- Cover art by Clyde Caldwell
- Developer: Beyond Software
- Publisher: Strategic Simulations
- Producer: George MacDonald
- Designer: Don Daglow
- Programmer: Cathryn Mataga
- Artist: David Bunnett
- Composer: Linwood Taylor
- Series: Gold Box
- Platforms: Commodore 64, Amiga, MS-DOS
- Release: NA: 1991;
- Genres: Role-playing, tactical RPG
- Mode: Single-player

= Gateway to the Savage Frontier =

1991 video game

Gateway to the Savage Frontier is a role-playing video game in the Gold Box Dungeons & Dragons series. It was developed by Beyond Software and published in 1991 by Strategic Simulations for the Commodore 64, MS-DOS, and Amiga.

A sequel, Treasures of the Savage Frontier, was released in 1992.

==Plot==
The game revolves around a party of six adventurers who inadvertently get caught up in a plot by the Zhentarim to conquer the entire Frontier area.

The party starts off in Yartar, having just escorted a caravan from the dwarven stronghold Citadel Adbar (ruled by the dwarf king Harbromm). At the tavern, while the party is enjoying the feast and spirits, something is slipped into their food that causes them to pass out, and they are robbed of all gold and gear, especially the magic longsword that one member used to slay a griffon at Longsaddle. However, each character has a purse of coins under their pillow so they can buy armor and weapons.
- Through rescuing the NPC Krevish, the party being hired by The Kraken in Yartar to assassinate a cleric of Bane at Nesme, only to discover that this evil priest was the only individual standing in the way of the conquest.
- Rescuing the magic user Amelior Amanitas from Everlund, an eccentric and somewhat absent-minded wizard who explains how to stop the Zhentarim. Returning to Yartar, the party is captured and imprisoned in a Kraken base below the city. There, the magic longsword stolen at the start is recovered but the party has to fight four giant squid in a huge tank before escaping.
- Finding four magical statues scattered across the frontier before the Zhentarim, led by a General Vaalgamon, gets to them.
- Traveling to the dead city of Ascore to end the Zhentarim plot.
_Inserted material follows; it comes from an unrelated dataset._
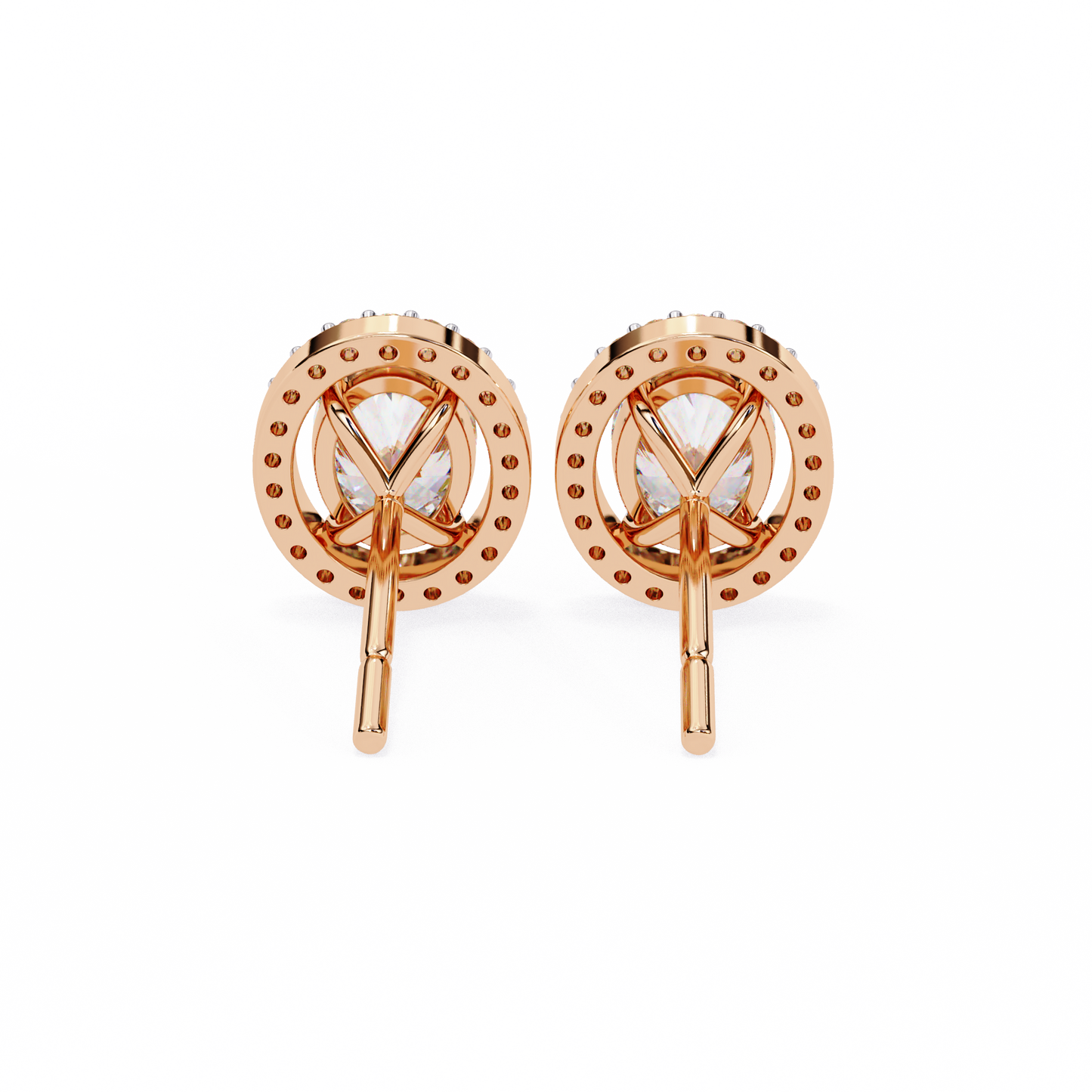 18k Solid Rose Gold Oval And Round Cut Diamond Minimalist Halo Prong Set Dainty Stud Bridesmaid Earring - HIGHCARAT DIAMONDS
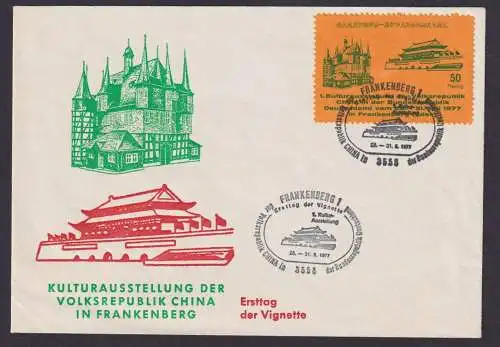 Briefmarken Frankenberg Sonderumschlag Kultur Ausstellung China mit schöner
Zhentil Keep plans to use these magical statues to open a way through an otherwise-unpassable desert for their armies. If successful, the party is hailed as the "Heroes of Ascore", which is carried over into the sequel.

==Development==
When Strategic Simulations began work on the Dark Sun game engine in 1989 after the completion of Secret of the Silver Blades, they passed responsibility for continuing the Forgotten Realms Gold Box games to Beyond Software. Designers Don Daglow, Mark Buchignani, David Bunnett, Arturo Sinclair and Mark Manyen set the action for the game in an area of the Forgotten Realms that TSR had labeled The Savage Frontier, north of Waterdeep and south of Luskan along the Sword Coast. The area was far to the west of the region that hosted the action for Pool of Radiance and its sequels.

One of the major locations in the Savage Frontier, Neverwinter, spun off a new chapter. Beyond Software gained the support of AOL executive Steve Case to create the first-ever graphical MMORPG, and to base it on the Gold Box engine. To leverage the existing game and cross-promote the titles, Daglow based the new MMORPG in Neverwinter and named it Neverwinter Nights.
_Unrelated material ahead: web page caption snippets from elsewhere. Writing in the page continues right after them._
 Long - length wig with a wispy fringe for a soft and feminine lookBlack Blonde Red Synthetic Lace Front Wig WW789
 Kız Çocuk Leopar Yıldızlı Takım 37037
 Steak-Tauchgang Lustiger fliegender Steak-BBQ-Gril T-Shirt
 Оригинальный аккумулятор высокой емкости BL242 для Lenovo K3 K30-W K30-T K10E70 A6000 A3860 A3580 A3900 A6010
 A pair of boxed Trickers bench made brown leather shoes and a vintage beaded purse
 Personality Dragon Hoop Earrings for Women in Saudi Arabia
The game's principal technical enhancement was the addition of wilderness play, where the party traveled long distances on the map while following the basic D&D rules for combat with wandering monsters.

The game includes character-specific side-quests, with two NPCs who can open these optional missions. The side quests in turn open different endings for the game.

==Reception==
SSI sold 62,581 copies of Gateway to the Savage Frontier. The title was the #1 selling MS-DOS game in North America in August 1991.

Jim Trunzo reviewed Gateway to the Savage Frontier in White Wolf #29 (Oct./Nov., 1991), rating it a 4 out of 5 and stated that "Gateway to the Savage Frontier earns high marks for graphics, text and depth. The mystery storyline is both interesting and believable but, to reiterate, it doesn't tie you down. The new wilderness style adds greatly to the freshness of the product and proves that there's truth to the idea that 'more is better'."

The game was reviewed in 1992 in Dragon #177 by Hartley, Patricia, and Kirk Lesser in "The Role of Computers" column. The reviewers gave the game 4 out of 5 stars. Scorpia of Computer Gaming World in 1993 called Gateway to the Savage Frontier "standard Gold Box fare ... you've played this many times before".

According to GameSpy, "it was a polished revision of what the early games in the Gold Box series were like, and felt very welcome, to those who'd gotten a bit weary of the far-flung conventions of its most recent installments".